Your copy must hold every line of the records word for word. It must hold no pictures.

MATERIAL FOR THIS EXERCISE |
+++

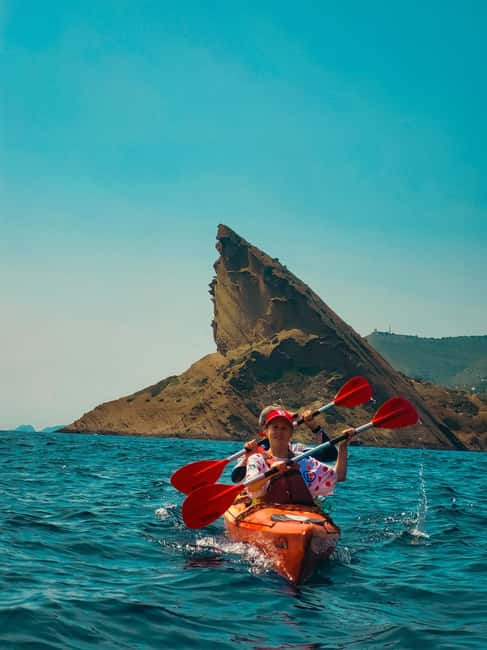 La Ciotat: Calanques National Park Guided Kayak Tour - What the guides add to the experience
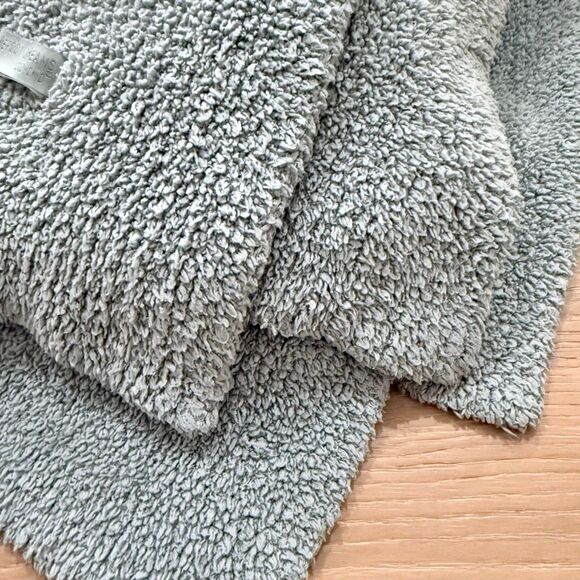 Barefoot Dreams Cozy Chic Sage Green Throw Heathered Blanket 45"x60" - Picture 5 of 5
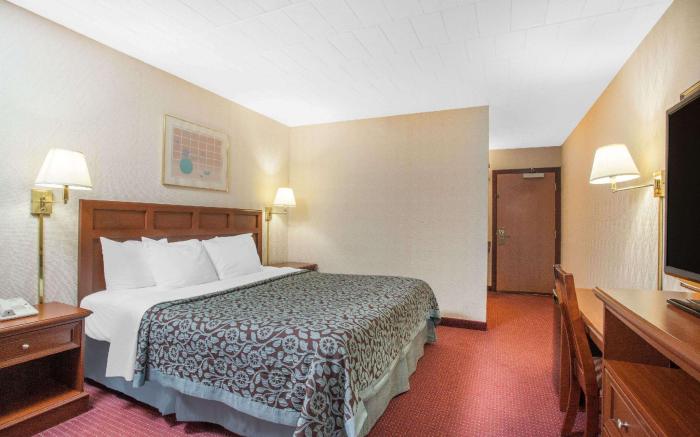 Days Inn by Wyndham Liberty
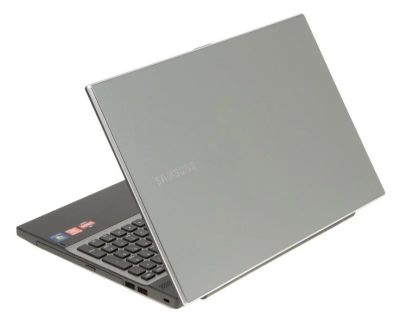 Лот: 3021930. Фото: 1. Ноутбук Samsung np300v5a в идеале. Ноутбуки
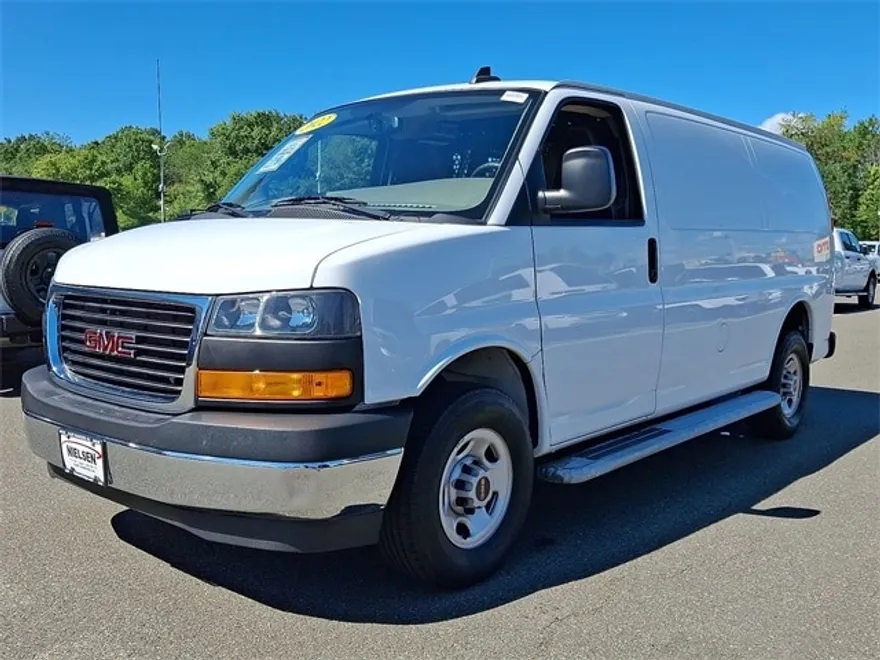 2022 Gmc Savana 2500 Cargo photo 1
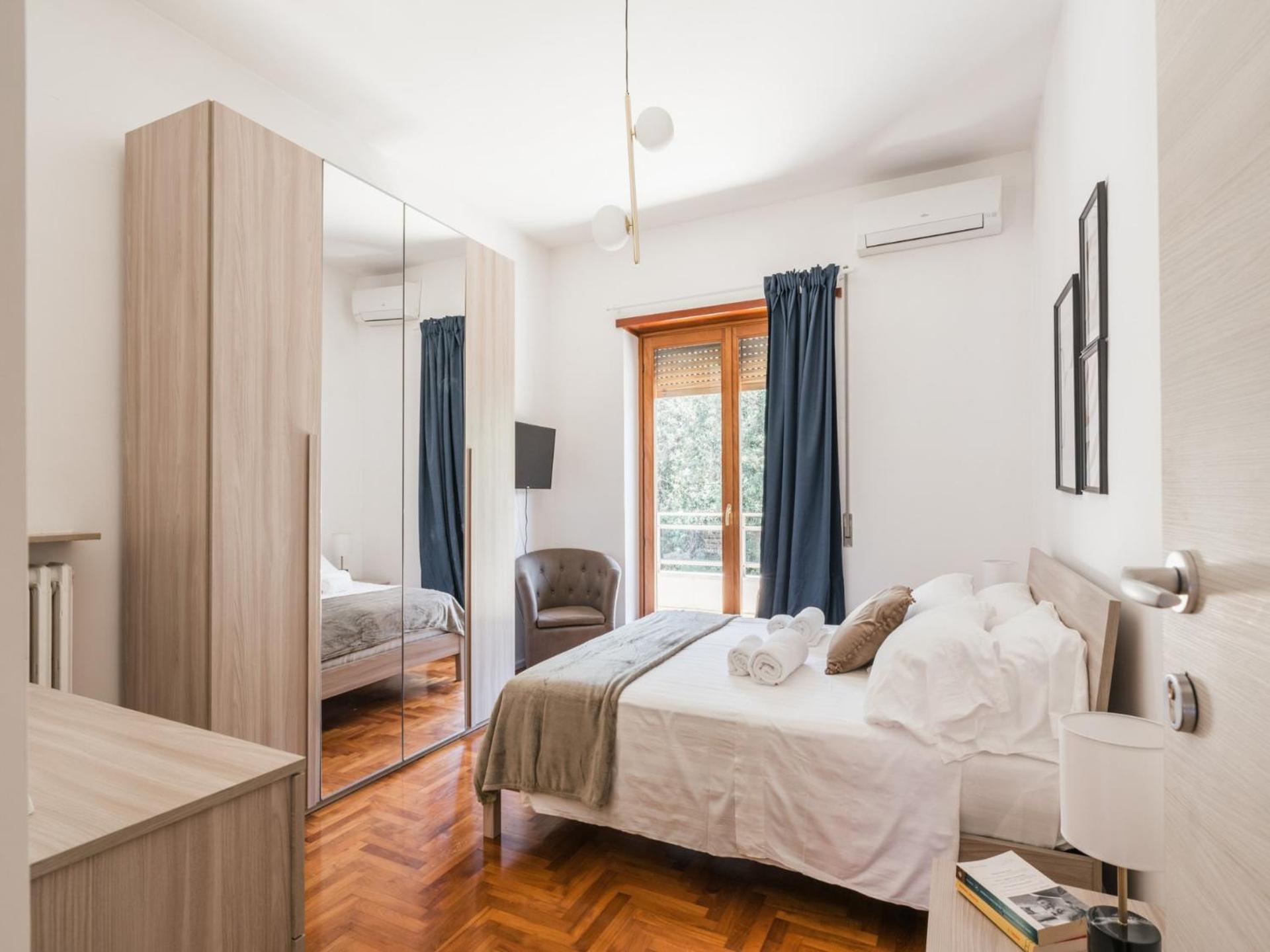 The Rent - Spacious Flat A Stone's Throw From The Vatican Apartment Rome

+++

RESULT OF THIS TASK |
 La Ciotat: Calanques National Park Guided Kayak Tour - What the guides add to the experience
 Barefoot Dreams Cozy Chic Sage Green Throw Heathered Blanket 45"x60" - Picture 5 of 5
 Days Inn by Wyndham Liberty
 Лот: 3021930. Фото: 1. Ноутбук Samsung np300v5a в идеале. Ноутбуки
 2022 Gmc Savana 2500 Cargo photo 1
 The Rent - Spacious Flat A Stone's Throw From The Vatican Apartment Rome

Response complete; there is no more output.